Accomplishments that we're proud of

Achieving >95% gesture recognition accuracy using only a standard webcam.
Successfully connecting Amazon Nova reasoning with real-time OS-level UI control.
Building a fully working multimodal interface prototype within a short hackathon timeframe.
Reducing common workflow times by up to 90%+ in tasks like form filling and email handling.

What we learned

The Power of Nova Act
We discovered how powerful Amazon Nova Act is at translating visual UI layouts into actionable automation instructions.
Software Can Compensate for Hardware Limitations
Through filtering, smoothing algorithms, and intent fusion models, we achieved reliable interaction using only commodity hardware.
Accessibility Matters
During testing, we realized how transformative multimodal interfaces can be for users with physical limitations.
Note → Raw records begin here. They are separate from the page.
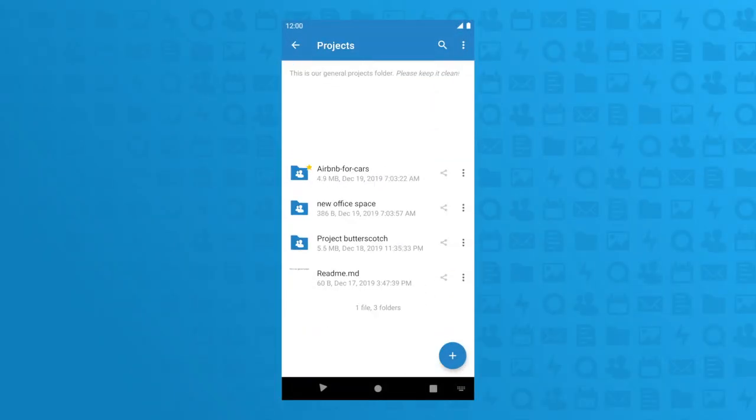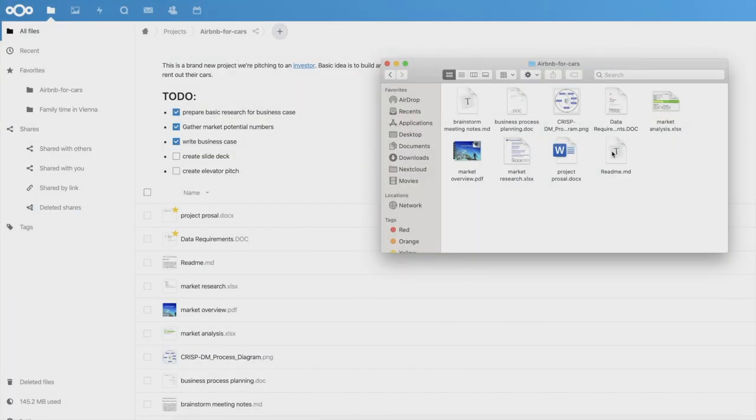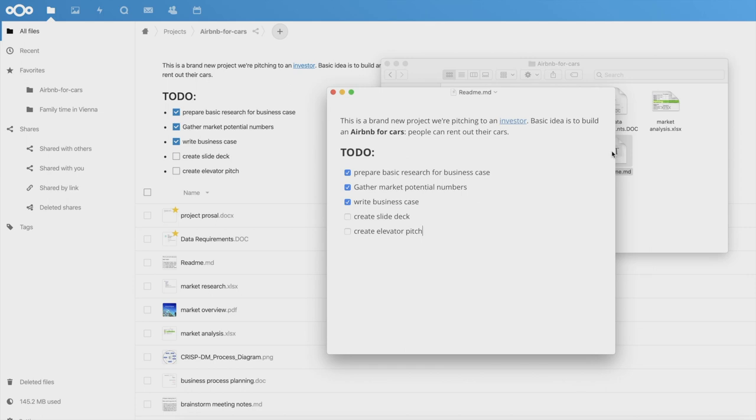You can see and edit a workspace on your mobile devices as well. The workspace description is stored in a README file, which is also available on the desktop when the folder is synced or accessed via webdev.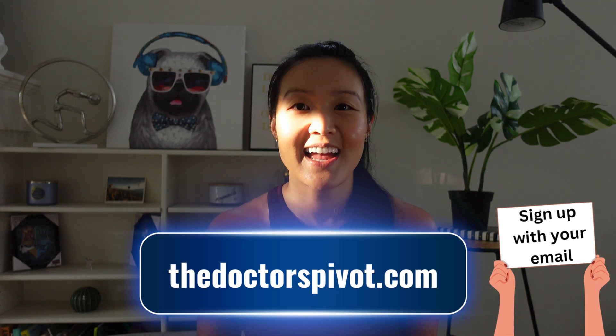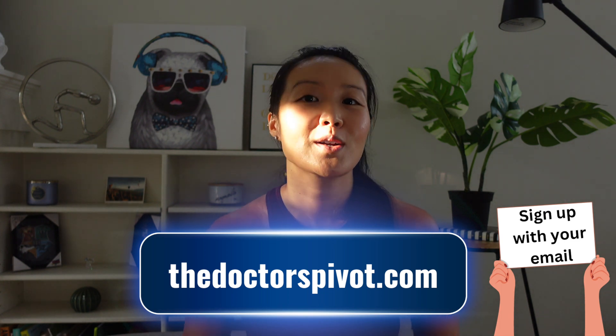If you want to stay connected and learn more about health care innovation, please join my mailing list at thedoctorspivot.com. You can also follow me on LinkedIn and Instagram at Lee Dam. Thank you so much for watching, everyone. I hope this was helpful, and I look forward to seeing you in the next video.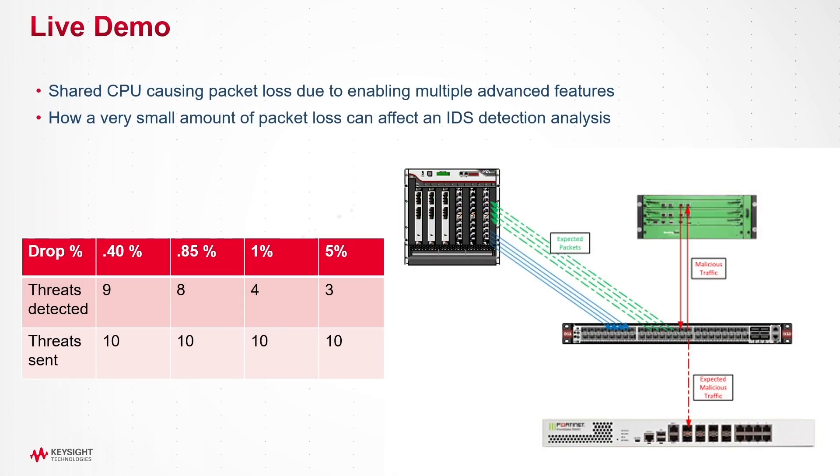Now let's move to the demo so we can see how this packet loss affects real tools. In the demo, I'm using a traffic generator to send legitimate traffic and malicious threats through the network packet broker. The packet broker is transmitting all the traffic it sees to the FortiGate IDS for inspection. I ran the traffic first with no packet loss as a baseline, then several more times with varying amounts of packet loss. The results are in the table inside the slide.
This reinforced our motivation to build more inclusive computing systems.

What's next for GGS

This project is just the beginning. Our next steps include:

Expanding the Gesture Library
Supporting more complex gestures for tasks like video editing or 3D modeling.
Edge AI Optimization
Moving the vision pipeline to edge NPUs to dramatically reduce latency and CPU usage.
Open Source Contributions
We plan to release our multimodal extensions for the trycua framework so other developers can build gaze-and-gesture-based AI agents.

Our long-term vision is to evolve GGS (Gaze Gesture Speech) into a universal human-computer interaction layer where computers understand user intent as naturally as a human assistant.